It saved the profit margins for many oil producers, and allowed them to choose from more customers (refineries)  that many chose to continue railing crude even when pipelines became available.

Logistics made me and my subscribers huge money in 2014 as there wasn’t enough rail capacity to get ethanol to markets during the Polar Vortex that year—especially along the west coast.  Profit margins for ethanol producers soared from 20 cents a gallon to over $2 a gallon in four months, causing ethanol stocks to go up 200-800%.

This year I think logistics can make investors a lot of money in another energy sector: frac sand.

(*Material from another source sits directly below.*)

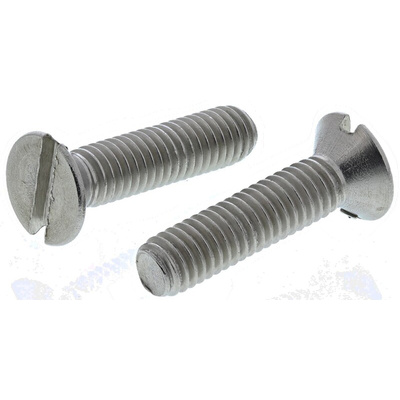 RS PRO Slot Countersunk A4 316 Stainless Steel Machine Screws DIN 963, M6x25mm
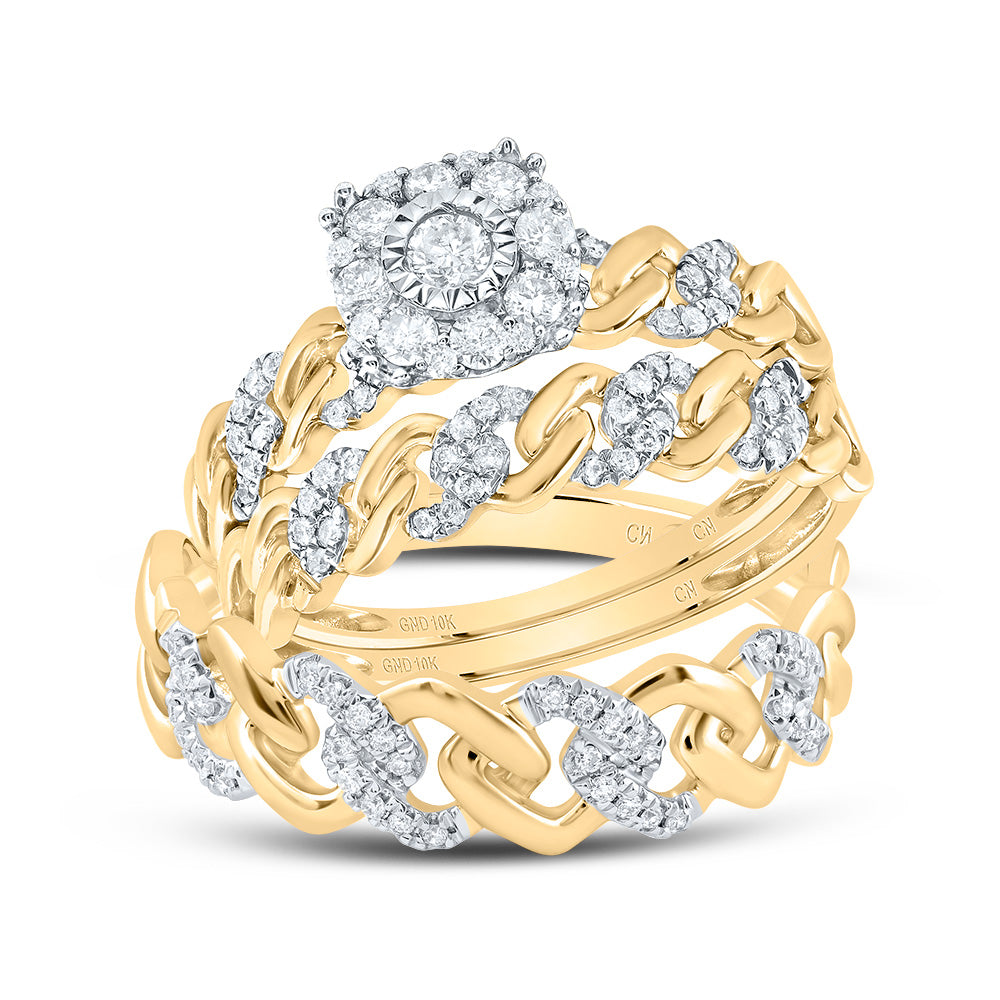 10kt Yellow Gold His & Hers 1/2 Cttw Natural Diamond Cuban Fashion Bridal Wedding Ring Band Set, Women Size: 5-9, Men Size: 8-12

Demand—and therefore pricing pressure—for frac sand has declined the least among the OFS—OilField Services sub-sectors.   Pricing is dropping 5-20%, depending on which analyst you want to believe.

But the frac sand market is still tight for Tier 1 sand or white sand–the best sand.  It’s the lower grades that have been hardest hit.  Analysts are projecting a continued tight market for Tier 1 sand in the United States as all the producers still drilling  believe the lower rig counts mean they can use Tier 1 frac sand.

Wisconsin—a northern state that borders Lake Superior—holds almost all the Tier 1 frac sand in the USA.  This adds huge cost to get the best frac sand south to Texas to the Permian and the Eagle Ford plays.

And despite the downturn in rig counts, there are a lot of Drilled-but-UnCompleted wells (the industry calls them DUCs) that will get fracked before the rig count turns up.  That will keep frac sand pricing well ahead of other service sub-sectors.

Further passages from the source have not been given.